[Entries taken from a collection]
########################################
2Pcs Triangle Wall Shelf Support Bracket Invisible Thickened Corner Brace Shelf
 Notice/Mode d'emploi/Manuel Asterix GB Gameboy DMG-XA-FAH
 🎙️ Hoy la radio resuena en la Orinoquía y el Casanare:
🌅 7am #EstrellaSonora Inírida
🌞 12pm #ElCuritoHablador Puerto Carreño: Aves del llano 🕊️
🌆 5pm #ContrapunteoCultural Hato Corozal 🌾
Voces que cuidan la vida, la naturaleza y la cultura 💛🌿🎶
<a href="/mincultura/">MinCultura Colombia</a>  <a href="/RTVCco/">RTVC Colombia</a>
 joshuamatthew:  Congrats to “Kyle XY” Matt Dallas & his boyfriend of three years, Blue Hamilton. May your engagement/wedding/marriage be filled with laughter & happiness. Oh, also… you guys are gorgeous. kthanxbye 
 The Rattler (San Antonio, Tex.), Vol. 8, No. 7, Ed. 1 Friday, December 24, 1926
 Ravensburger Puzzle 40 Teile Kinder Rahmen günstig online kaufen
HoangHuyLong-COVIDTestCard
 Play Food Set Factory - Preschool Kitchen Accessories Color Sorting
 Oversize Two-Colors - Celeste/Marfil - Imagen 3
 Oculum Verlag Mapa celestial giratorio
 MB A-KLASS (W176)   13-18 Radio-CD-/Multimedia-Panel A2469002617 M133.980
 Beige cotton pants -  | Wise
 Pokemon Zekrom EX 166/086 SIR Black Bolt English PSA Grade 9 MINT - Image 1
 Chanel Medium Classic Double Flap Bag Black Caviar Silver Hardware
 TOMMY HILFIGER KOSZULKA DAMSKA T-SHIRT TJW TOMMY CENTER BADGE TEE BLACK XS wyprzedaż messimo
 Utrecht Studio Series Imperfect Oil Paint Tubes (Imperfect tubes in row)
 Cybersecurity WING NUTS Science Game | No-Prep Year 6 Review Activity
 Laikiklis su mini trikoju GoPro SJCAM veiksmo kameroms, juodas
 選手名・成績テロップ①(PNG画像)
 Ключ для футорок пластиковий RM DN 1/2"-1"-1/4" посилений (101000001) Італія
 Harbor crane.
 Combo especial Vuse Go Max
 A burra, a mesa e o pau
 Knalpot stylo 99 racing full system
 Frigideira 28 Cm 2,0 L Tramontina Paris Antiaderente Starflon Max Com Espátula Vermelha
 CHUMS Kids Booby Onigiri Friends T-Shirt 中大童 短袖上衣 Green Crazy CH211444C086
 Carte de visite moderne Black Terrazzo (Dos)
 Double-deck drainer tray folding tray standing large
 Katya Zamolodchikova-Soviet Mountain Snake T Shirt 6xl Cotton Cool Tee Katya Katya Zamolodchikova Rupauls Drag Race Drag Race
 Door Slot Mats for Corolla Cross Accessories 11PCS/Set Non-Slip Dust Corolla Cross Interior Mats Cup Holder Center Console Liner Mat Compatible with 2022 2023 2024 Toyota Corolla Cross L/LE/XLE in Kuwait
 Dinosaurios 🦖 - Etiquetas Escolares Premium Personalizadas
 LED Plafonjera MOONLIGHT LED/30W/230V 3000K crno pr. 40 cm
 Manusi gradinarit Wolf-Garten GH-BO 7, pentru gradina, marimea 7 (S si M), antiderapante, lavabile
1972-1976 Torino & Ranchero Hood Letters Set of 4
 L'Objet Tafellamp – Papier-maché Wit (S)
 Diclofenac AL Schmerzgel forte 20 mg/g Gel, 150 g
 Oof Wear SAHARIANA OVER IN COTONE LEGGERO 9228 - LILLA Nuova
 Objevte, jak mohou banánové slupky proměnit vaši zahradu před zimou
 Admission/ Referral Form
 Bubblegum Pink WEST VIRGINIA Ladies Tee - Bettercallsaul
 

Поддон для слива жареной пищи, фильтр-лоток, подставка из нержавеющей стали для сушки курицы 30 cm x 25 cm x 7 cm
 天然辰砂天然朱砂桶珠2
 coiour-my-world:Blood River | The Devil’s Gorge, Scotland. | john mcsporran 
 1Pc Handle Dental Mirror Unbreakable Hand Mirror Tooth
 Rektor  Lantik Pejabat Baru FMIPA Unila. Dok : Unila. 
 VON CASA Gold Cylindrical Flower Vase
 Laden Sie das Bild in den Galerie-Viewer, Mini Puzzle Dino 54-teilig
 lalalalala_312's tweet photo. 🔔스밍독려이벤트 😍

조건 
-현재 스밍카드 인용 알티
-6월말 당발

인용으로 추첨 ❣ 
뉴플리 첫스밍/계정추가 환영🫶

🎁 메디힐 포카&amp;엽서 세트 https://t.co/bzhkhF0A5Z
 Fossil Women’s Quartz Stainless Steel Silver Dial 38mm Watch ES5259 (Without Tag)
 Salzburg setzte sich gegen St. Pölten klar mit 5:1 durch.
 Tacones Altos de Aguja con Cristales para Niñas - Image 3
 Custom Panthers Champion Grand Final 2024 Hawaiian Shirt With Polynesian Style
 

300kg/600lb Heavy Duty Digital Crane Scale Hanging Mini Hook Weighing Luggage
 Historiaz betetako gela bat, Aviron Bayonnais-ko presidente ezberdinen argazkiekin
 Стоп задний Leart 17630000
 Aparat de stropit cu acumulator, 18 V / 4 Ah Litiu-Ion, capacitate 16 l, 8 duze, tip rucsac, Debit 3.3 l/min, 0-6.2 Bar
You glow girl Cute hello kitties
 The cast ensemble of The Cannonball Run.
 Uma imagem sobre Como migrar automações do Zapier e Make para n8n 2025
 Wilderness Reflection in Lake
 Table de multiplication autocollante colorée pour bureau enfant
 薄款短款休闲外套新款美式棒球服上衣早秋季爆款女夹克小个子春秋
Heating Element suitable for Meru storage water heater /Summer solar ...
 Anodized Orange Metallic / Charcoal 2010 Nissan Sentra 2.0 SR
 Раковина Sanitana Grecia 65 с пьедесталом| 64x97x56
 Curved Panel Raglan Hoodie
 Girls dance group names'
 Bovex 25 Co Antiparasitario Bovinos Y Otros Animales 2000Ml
########################################
• _Problem_
Within the data above, pick out all lines holding the word "Accessories".

• _Response box_
 Play Food Set Factory - Preschool Kitchen Accessories Color Sorting
 Door Slot Mats for Corolla Cross Accessories 11PCS/Set Non-Slip Dust Corolla Cross Interior Mats Cup Holder Center Console Liner Mat Compatible with 2022 2023 2024 Toyota Corolla Cross L/LE/XLE in Kuwait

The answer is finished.